▶ [Extracted records]

▽

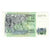 Banknot, Hiszpania, 1000 Pesetas, 1979, 1979-10-23, KM:158, AU(50-53)
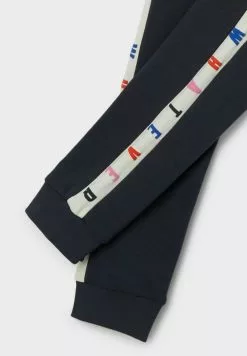 NAME IT Print - Trainingsbroek - India Ink 10 NAME IT Print - Trainingsbroek - India Ink -Shirt Zacht Verkoop 677b14685ad64b6b901e292a460558ff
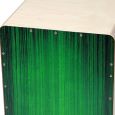 Sela Cajon Varios Green SE-053 Thumbnail 4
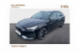 CUPRA LEON SPORTSTOURER V
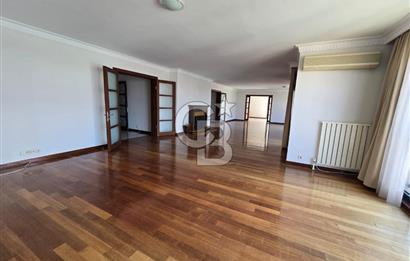 GAZİOSMANPAŞA MESA IŞIK SİTESİNDE 350M2 KATTA TEK DAİRE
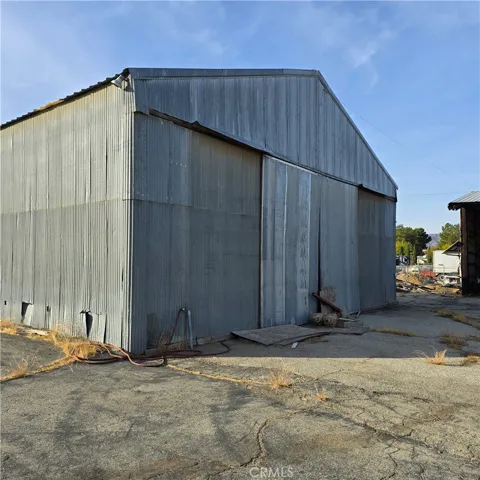 5041 Columbia Way, Lancaster, California 93536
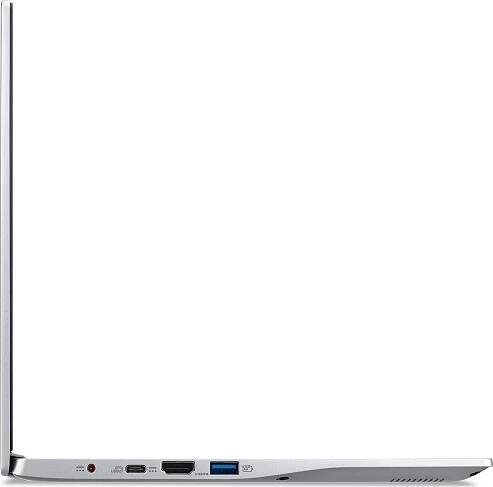 Acer Swift 3 (NX.HSEEC.00D)
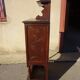Ancien vaisselier Bedel & Cie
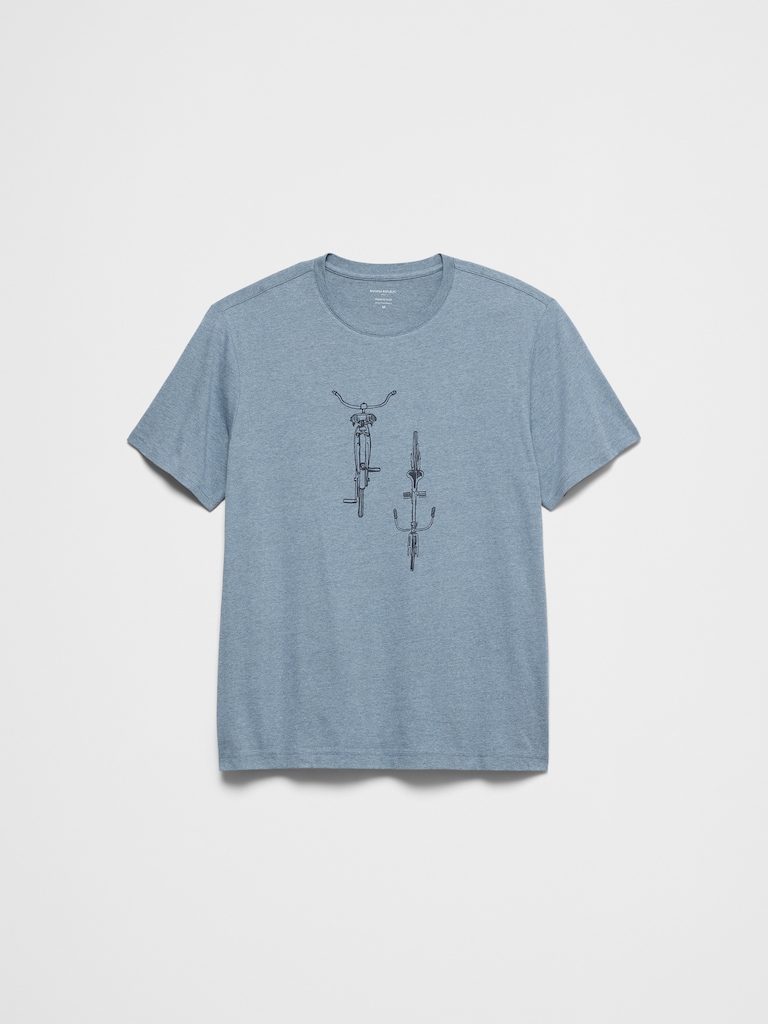 Graphic T-Shirt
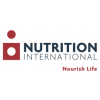 Nutrition International-logo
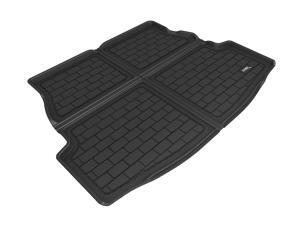 3D MAXpider M1TY2541309 TOYOTA RAV4 2019-2020 KAGU BLACK CROSS FOLD CARGO LINER 3D MAXpider M1TY2541309 TOYOTA RAV4 2019-2020 KAGU BLACK CROSS FOLD CARGO LINER
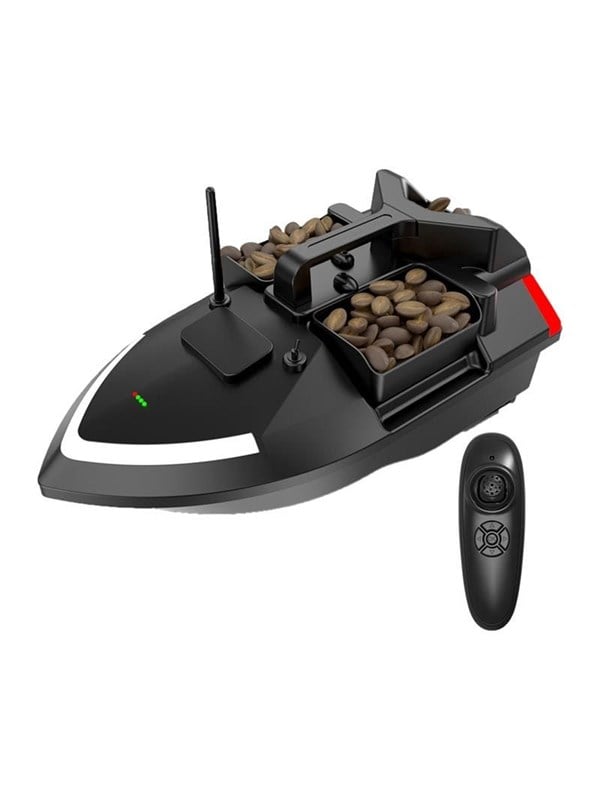 Flytec V801 5200mAh Bait Boat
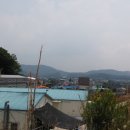 (주)삼세 이미지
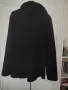 SCHOTT 740N USN Wool Peacoat | НОВО | Made in USA | US Navy, снимка 8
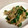 マダムかすみん's cooksnap of when they made ピーマンとえのきの醤油バター炒め.
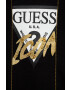 Guess Детска памучна рокля - Pepit.bg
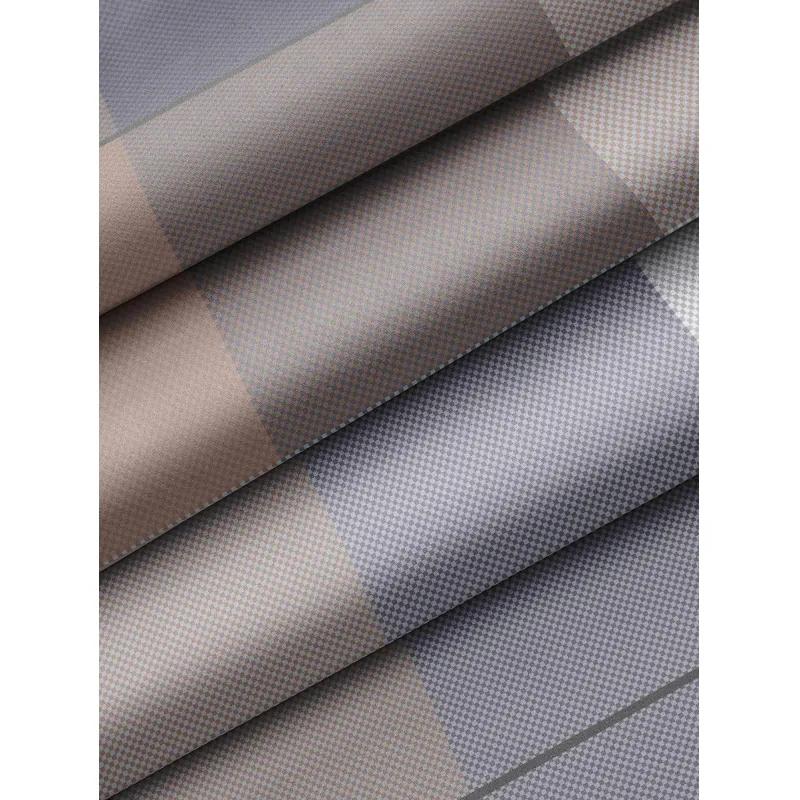 Постельное белье Евро Бязь (нав.50х70-2шт),Cozy evening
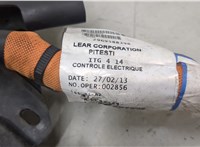296958839R Провод высоковольтный Renault ZOE 2012-2019 20508969 #4
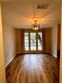 8007 keneshaw dr, austin,  TX 78745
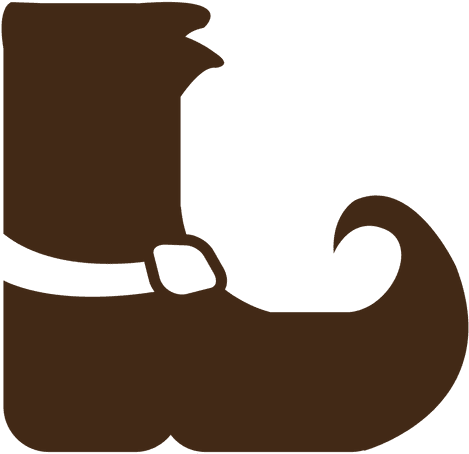 St Patrick Brown Horseshoe Transparent Png - Patrick Brown (512x512)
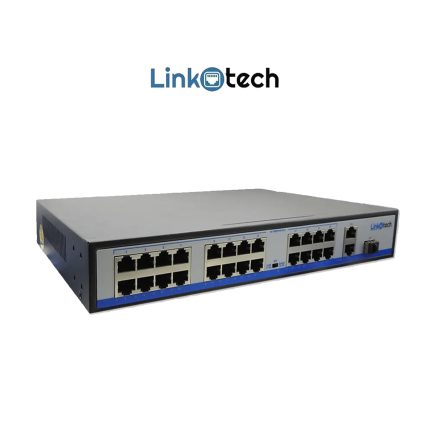 LT-GSW2402-SFP-300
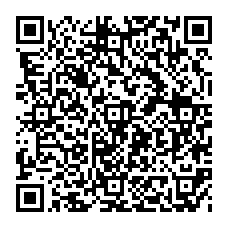 QR Code for bitcoin:bitcoin:bitcoin:bitcoin:bitcoin:bitcoin:bitcoin:bitcoin:bitcoin:bitcoin:bitcoin:bitcoin:bitcoin:1CU1AX7Sw2xL9duVeGFJxtPFQzwP2542eU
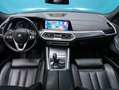 BMW X6 xDrive40i Azul - thumbnail 21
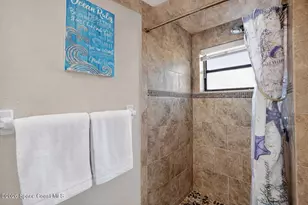 526 Jefferson Ave, Cape Canaveral, FL 32920 - Photo 37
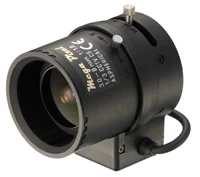 Tamron Vari-Focal M13VG308
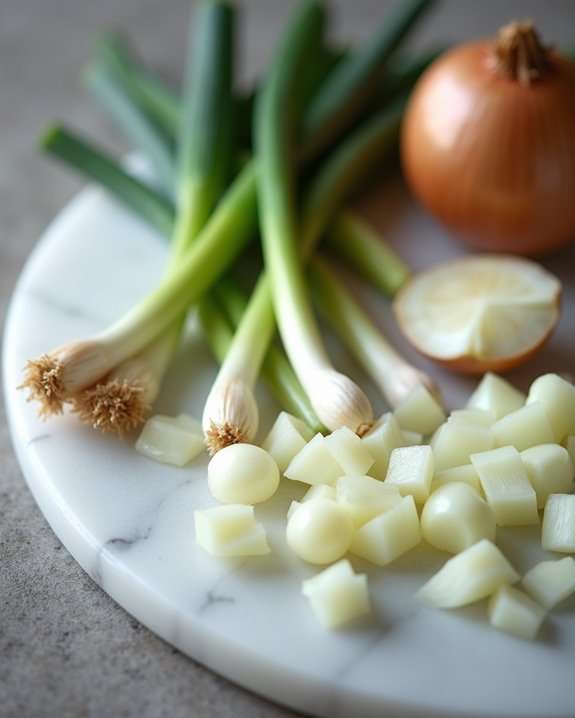 recipe substitution guidelines explained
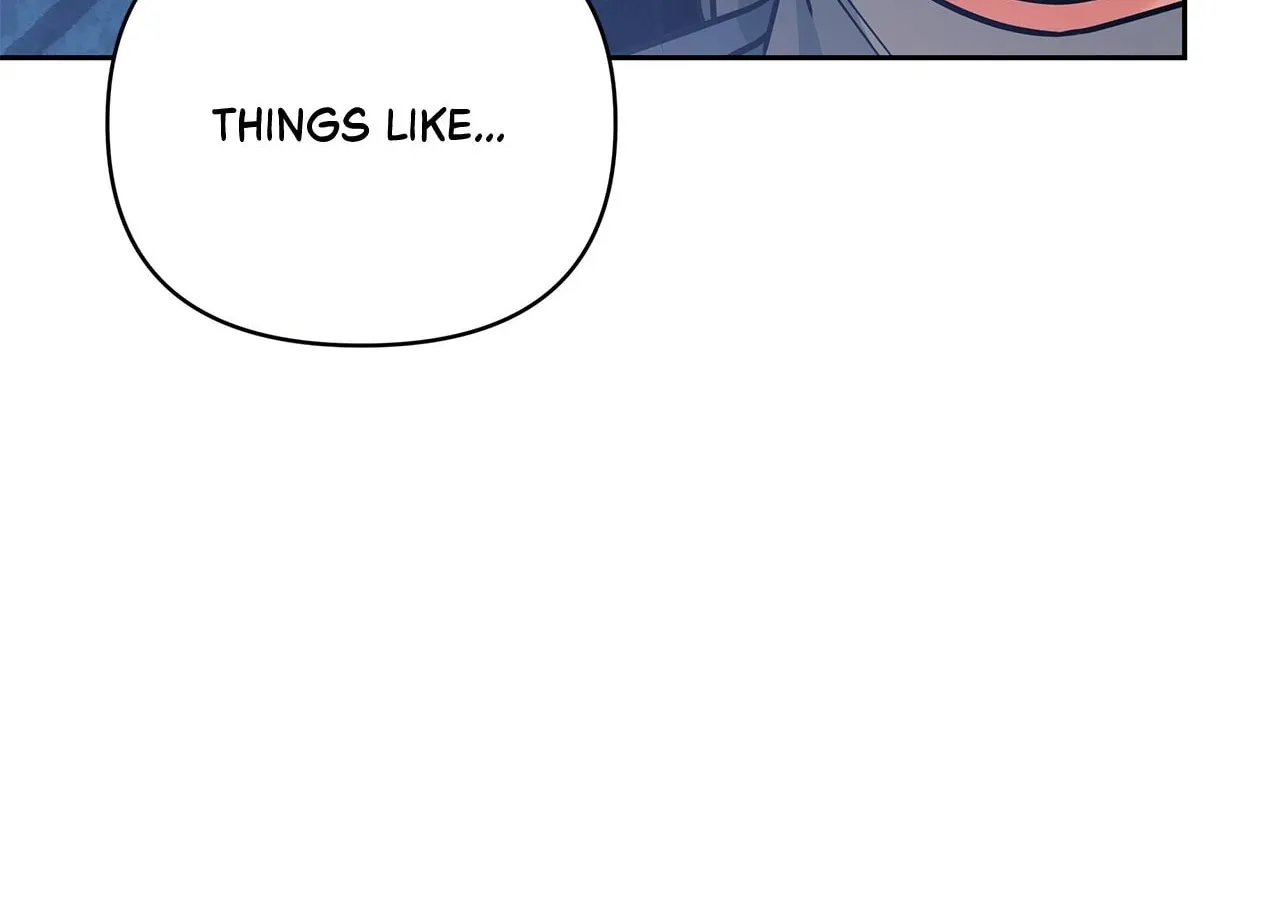 [Breaking News] Marriage with the Archduke, I Know Now Chapter 55 page 145 - 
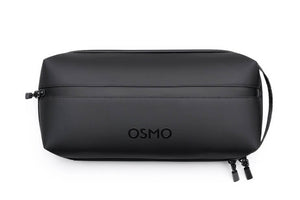 DJI Osmo 360 Soft Carrying Case / Bag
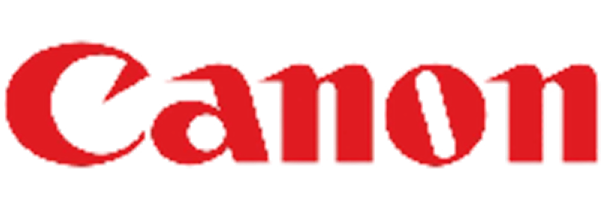 Canon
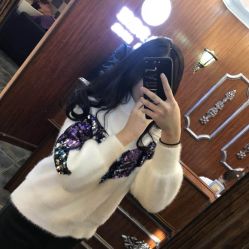 -小齐发型Star·Salon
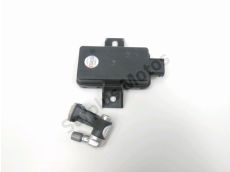 Valves electroniques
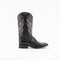 Ferrini Jesse - Luxury Leather Oxford Dress Shoes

△

▶ [Exercise]
Copy each line above exactly, with no images.

▶ [Exercise answer]
 Banknot, Hiszpania, 1000 Pesetas, 1979, 1979-10-23, KM:158, AU(50-53)
 NAME IT Print - Trainingsbroek - India Ink 10 NAME IT Print - Trainingsbroek - India Ink -Shirt Zacht Verkoop 677b14685ad64b6b901e292a460558ff
 Sela Cajon Varios Green SE-053 Thumbnail 4
 CUPRA LEON SPORTSTOURER V
 GAZİOSMANPAŞA MESA IŞIK SİTESİNDE 350M2 KATTA TEK DAİRE
 5041 Columbia Way, Lancaster, California 93536
 Acer Swift 3 (NX.HSEEC.00D)
Ancien vaisselier Bedel & Cie
 Graphic T-Shirt
 Nutrition International-logo
 3D MAXpider M1TY2541309 TOYOTA RAV4 2019-2020 KAGU BLACK CROSS FOLD CARGO LINER 3D MAXpider M1TY2541309 TOYOTA RAV4 2019-2020 KAGU BLACK CROSS FOLD CARGO LINER
 Flytec V801 5200mAh Bait Boat
 (주)삼세 이미지
 SCHOTT 740N USN Wool Peacoat | НОВО | Made in USA | US Navy, снимка 8
 マダムかすみん's cooksnap of when they made ピーマンとえのきの醤油バター炒め.
 Guess Детска памучна рокля - Pepit.bg
 Постельное белье Евро Бязь (нав.50х70-2шт),Cozy evening
296958839R Провод высоковольтный Renault ZOE 2012-2019 20508969 #4
 8007 keneshaw dr, austin,  TX 78745
 St Patrick Brown Horseshoe Transparent Png - Patrick Brown (512x512)
 LT-GSW2402-SFP-300
 QR Code for bitcoin:bitcoin:bitcoin:bitcoin:bitcoin:bitcoin:bitcoin:bitcoin:bitcoin:bitcoin:bitcoin:bitcoin:bitcoin:1CU1AX7Sw2xL9duVeGFJxtPFQzwP2542eU
 BMW X6 xDrive40i Azul - thumbnail 21
 526 Jefferson Ave, Cape Canaveral, FL 32920 - Photo 37
 Tamron Vari-Focal M13VG308
 recipe substitution guidelines explained
 [Breaking News] Marriage with the Archduke, I Know Now Chapter 55 page 145 - 
 DJI Osmo 360 Soft Carrying Case / Bag
 Canon
 -小齐发型Star·Salon
 Valves electroniques
 Ferrini Jesse - Luxury Leather Oxford Dress Shoes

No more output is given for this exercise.